**WHAT YOU WILL DO**: With the pictures omitted, repeat exactly the lines below starting with the line that has "Cover image for" and going on through the line that has "How Do You Adjust".

[Captioned web images]
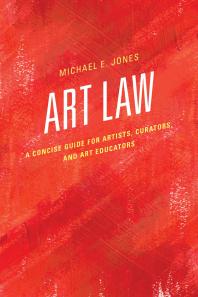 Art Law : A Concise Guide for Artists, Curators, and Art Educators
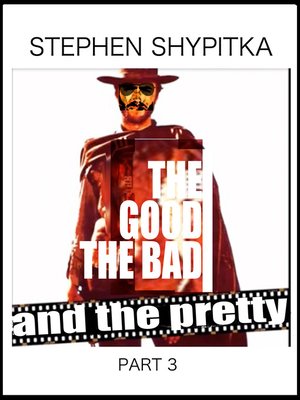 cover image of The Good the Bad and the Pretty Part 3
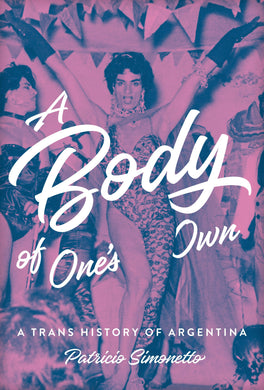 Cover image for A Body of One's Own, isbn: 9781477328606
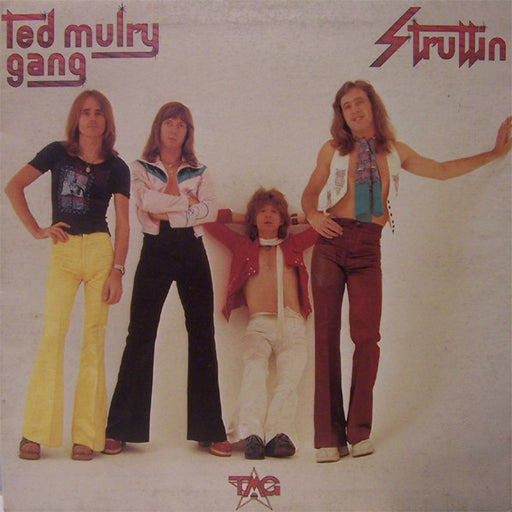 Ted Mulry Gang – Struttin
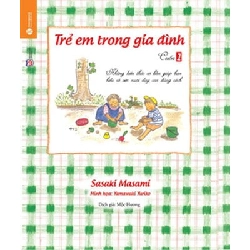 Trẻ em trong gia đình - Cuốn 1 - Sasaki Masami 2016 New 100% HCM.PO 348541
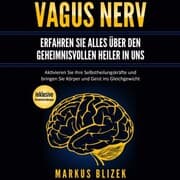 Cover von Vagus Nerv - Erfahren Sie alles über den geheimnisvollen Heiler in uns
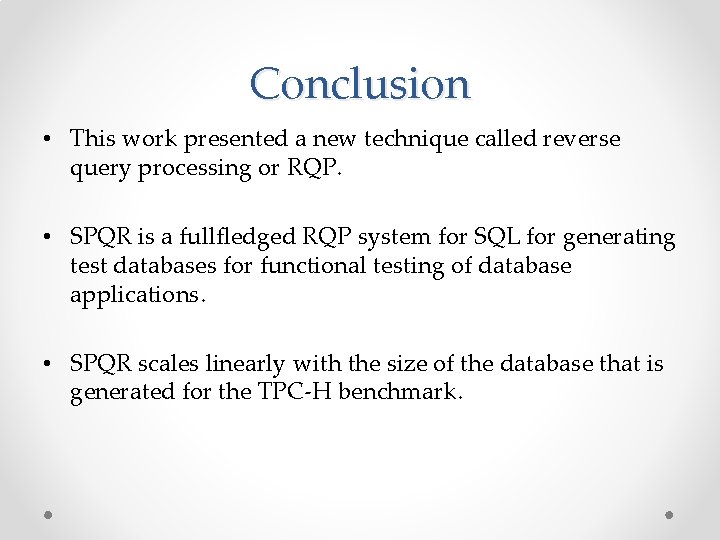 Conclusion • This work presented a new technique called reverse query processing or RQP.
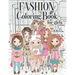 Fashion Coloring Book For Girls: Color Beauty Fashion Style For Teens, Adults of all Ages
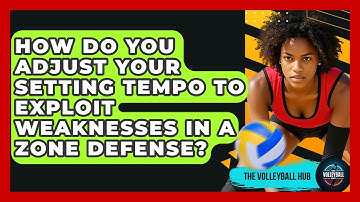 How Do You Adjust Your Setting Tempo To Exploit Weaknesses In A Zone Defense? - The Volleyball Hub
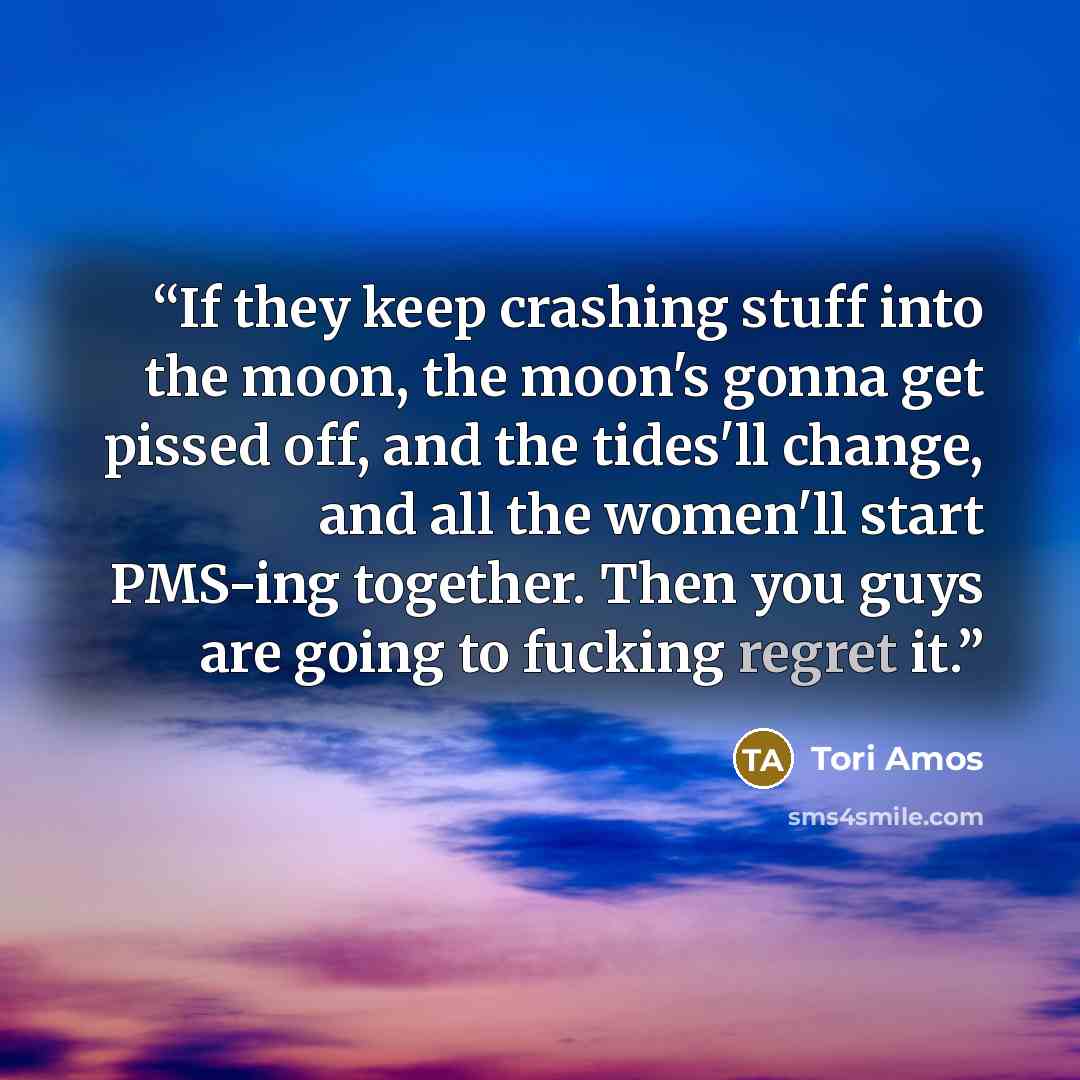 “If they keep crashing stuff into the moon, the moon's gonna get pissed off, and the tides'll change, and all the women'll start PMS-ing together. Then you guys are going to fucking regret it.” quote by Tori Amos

**RESPONSE TO THIS TASK**:
 Cover image for A Body of One's Own, isbn: 9781477328606
 Ted Mulry Gang – Struttin
 Trẻ em trong gia đình - Cuốn 1 - Sasaki Masami 2016 New 100% HCM.PO 348541
 Cover von Vagus Nerv - Erfahren Sie alles über den geheimnisvollen Heiler in uns
 Conclusion • This work presented a new technique called reverse query processing or RQP.
 Fashion Coloring Book For Girls: Color Beauty Fashion Style For Teens, Adults of all Ages
 How Do You Adjust Your Setting Tempo To Exploit Weaknesses In A Zone Defense? - The Volleyball Hub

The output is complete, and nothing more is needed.